I have defined a custom layer which takes in features from the CONV layers and will output a loss and an output using the CONV inputs. The output from this layer then goes into the FC layers for classification. The forward method is described as follows:
def forward(self, x):
x = F.relu(F.max_pool2d(self.conv1(x), 2))

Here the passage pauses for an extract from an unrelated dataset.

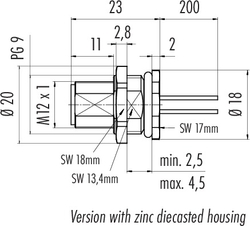 Erkek Panel Tip 4 Kontaklı Konnektör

x = F.relu(F.max_pool2d(self.conv2_bn(self.conv2(x)), 2))
x = x.view(-1, 500)
loss, x = self.custom_layer(x)
x = F.relu(self.fc1(x))
return loss, F.log_softmax(x, dim = 1)
Two different optimizers (both SGD) are used, one of them is for the parameters of the custom layer while the other is for the CONV and FC layers. While training however, the losses from the custom layer and the cross-entropy loss from the model is backward propagated.
optimizer1.zero_grad()
optimizer2.zero_grad()
loss1, outputs = model(inputs)
loss2 = criterion(outputs, labels)
total_loss = loss1 + loss2
total_loss.backward()
optimizer1.step()
optimizer2.step()
When I try to visualize the gradients, the gradients of the CONV layers are None while the gradient is being updated for the FC and custom layer, even though the requires_grad flag is true for all the layers. Is there anything else I need to define for the gradient to flow through the entire network?